------ Recorded data

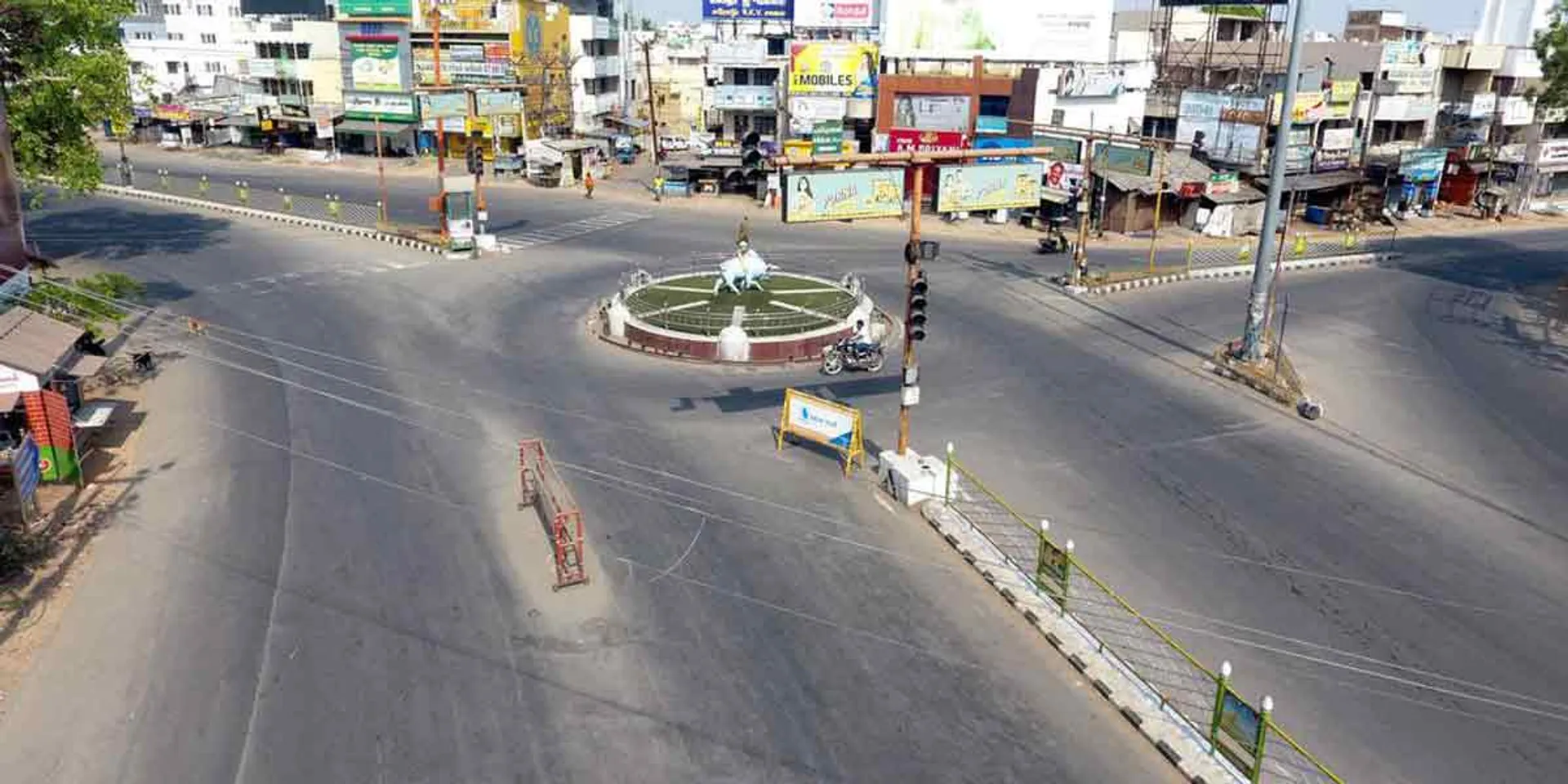 erode corona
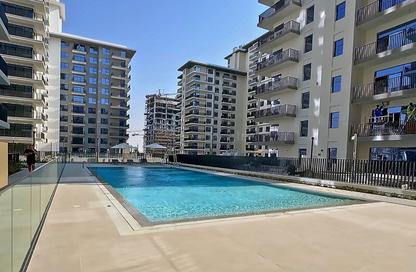 Apartment - 1 - 1 for sale in Kaya - Town Square - Dubai Apartment - 1 - 1 for sale in Kaya - Town Square - Dubai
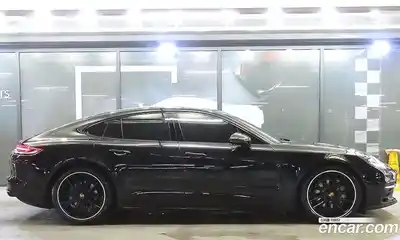 Porsche Panamera 2019 3.0 Автомат в Москве № 197979, миниатюра 3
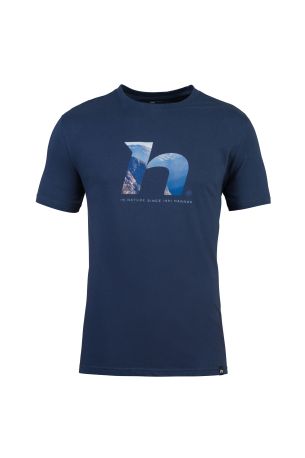 Hannah MIKO FP india ink triko XL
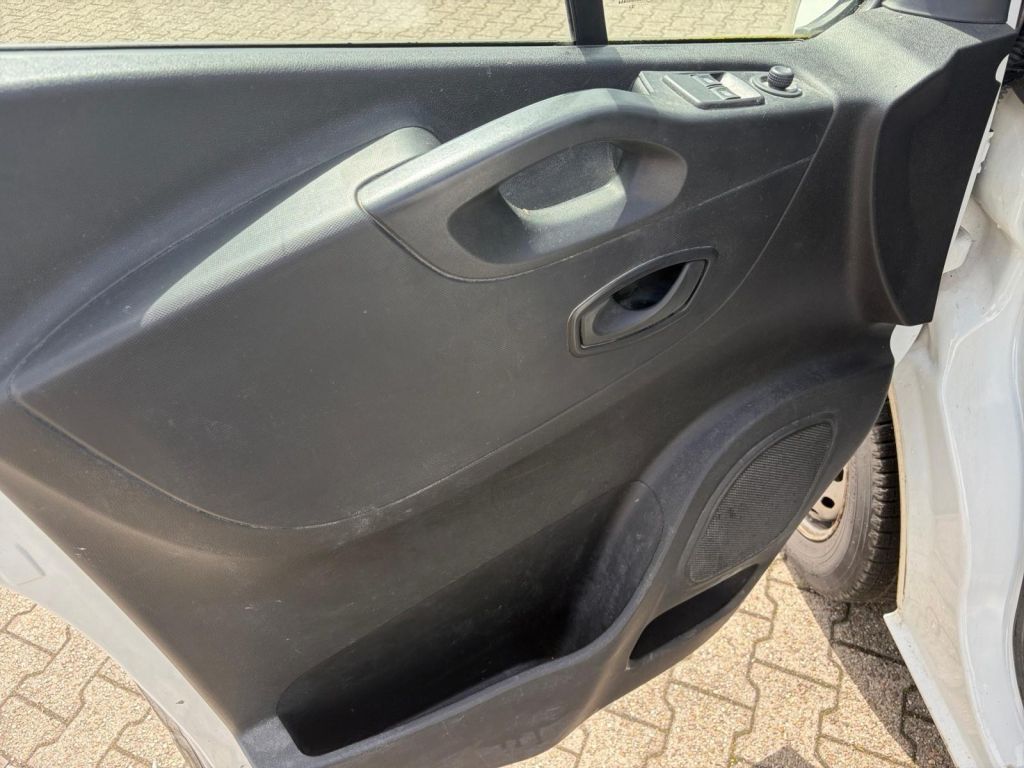 RENAULT Trafic ENERGY dCi 145 L1H1 3,0t Komfort RENAULT Trafic ENERGY dCi 145 L1H1 3,0t Komfort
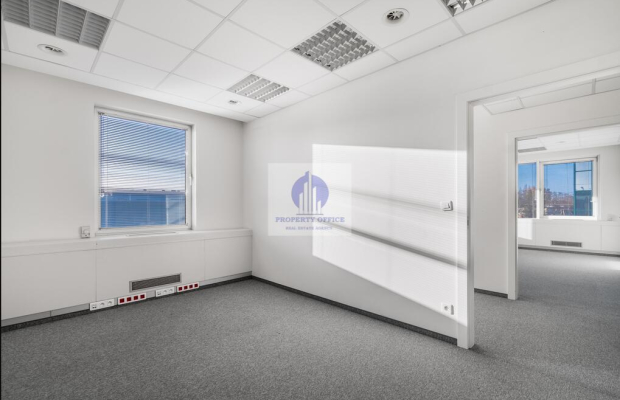 Ochota: lokal biurowy 700,23 m2 na wynajem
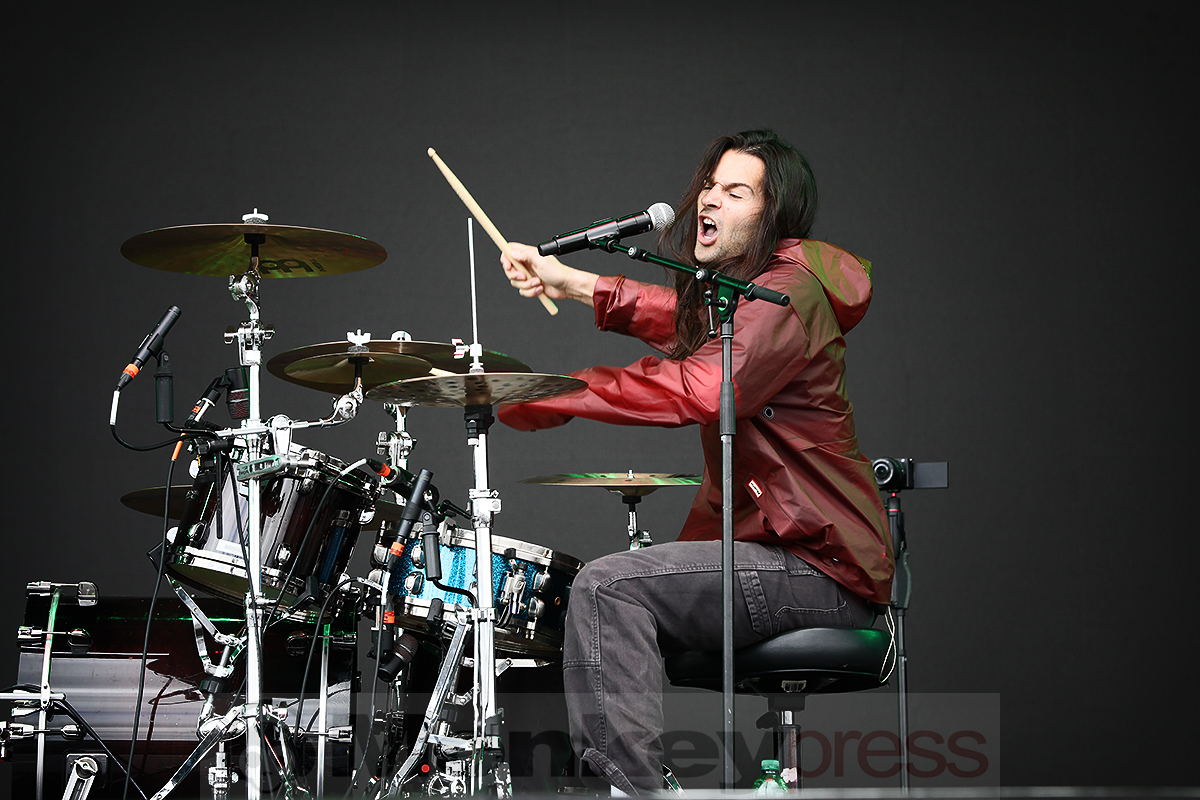 House Of Protection @RaR 2025 © Sandro Griesbach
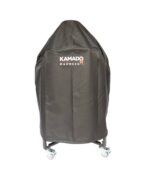 Kamado Madness Premium 22 cover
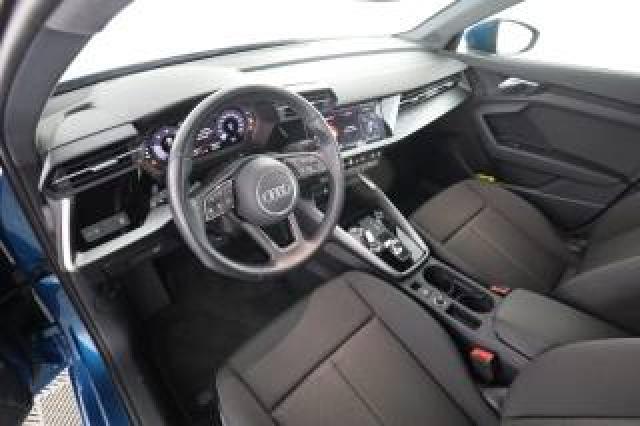 Audi A3 A3 Spb 30 Tdi S Tronic Business 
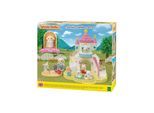 Sylvanian Families Nursery Sandbox & Pool
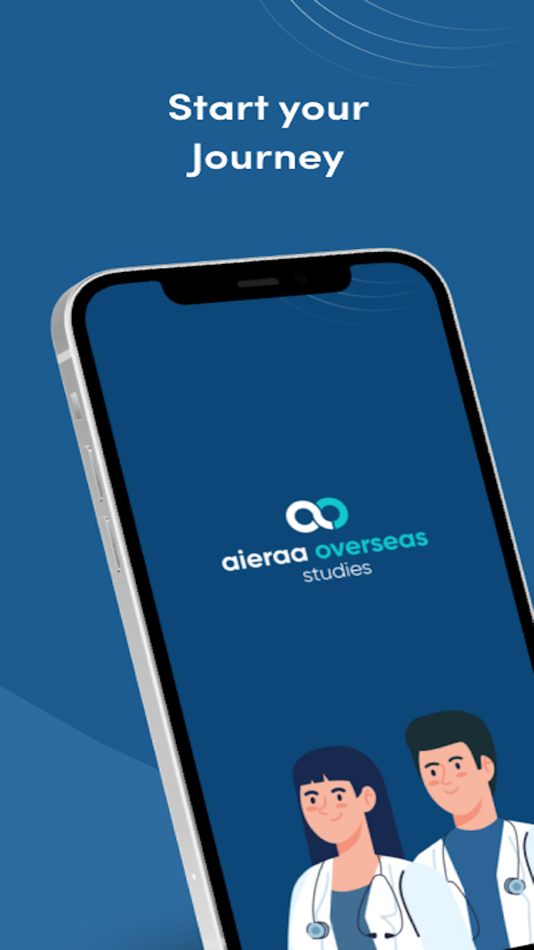 #1. Aieraa Overseas Studies (iOS) 来自: Harwinder Singh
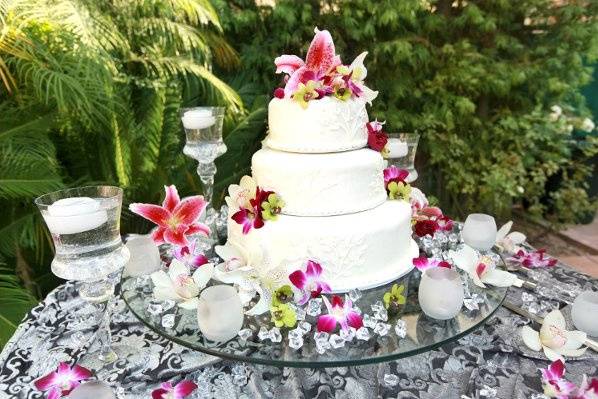 Simply Sweet Weddings & Events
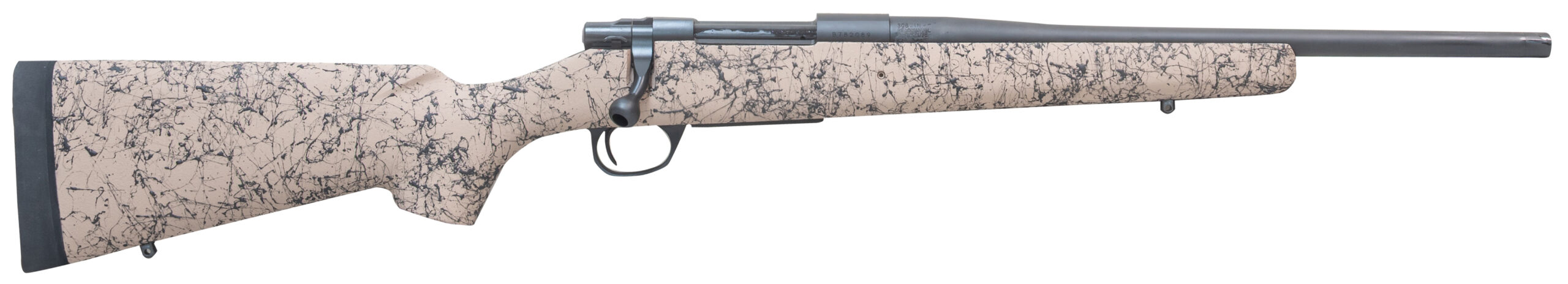 LSI Howa Superlite Gen 2 6.5 Creedmoor Rifle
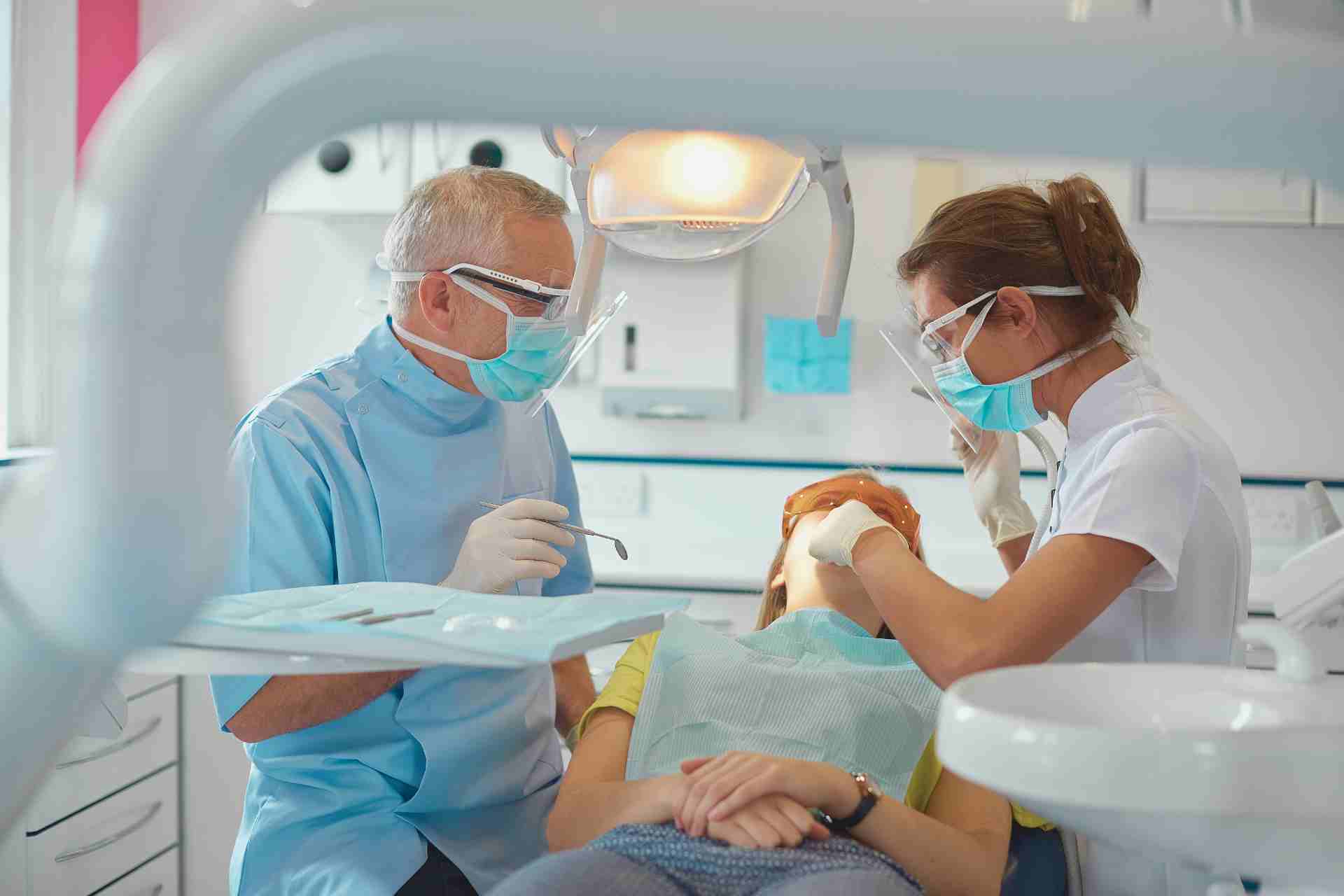 Dentist in Rindge, NH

------------

**Activity:**
Please print an exact copy of the records, with no pictures.

**Your response:**
 erode corona
 Apartment - 1 - 1 for sale in Kaya - Town Square - Dubai Apartment - 1 - 1 for sale in Kaya - Town Square - Dubai
 Porsche Panamera 2019 3.0 Автомат в Москве № 197979, миниатюра 3
 Hannah MIKO FP india ink triko XL
 RENAULT Trafic ENERGY dCi 145 L1H1 3,0t Komfort RENAULT Trafic ENERGY dCi 145 L1H1 3,0t Komfort
 Ochota: lokal biurowy 700,23 m2 na wynajem
 House Of Protection @RaR 2025 © Sandro Griesbach
 Kamado Madness Premium 22 cover
 Audi A3 A3 Spb 30 Tdi S Tronic Business 
 Sylvanian Families Nursery Sandbox & Pool
 #1. Aieraa Overseas Studies (iOS) 来自: Harwinder Singh
 Simply Sweet Weddings & Events
 LSI Howa Superlite Gen 2 6.5 Creedmoor Rifle
 Dentist in Rindge, NH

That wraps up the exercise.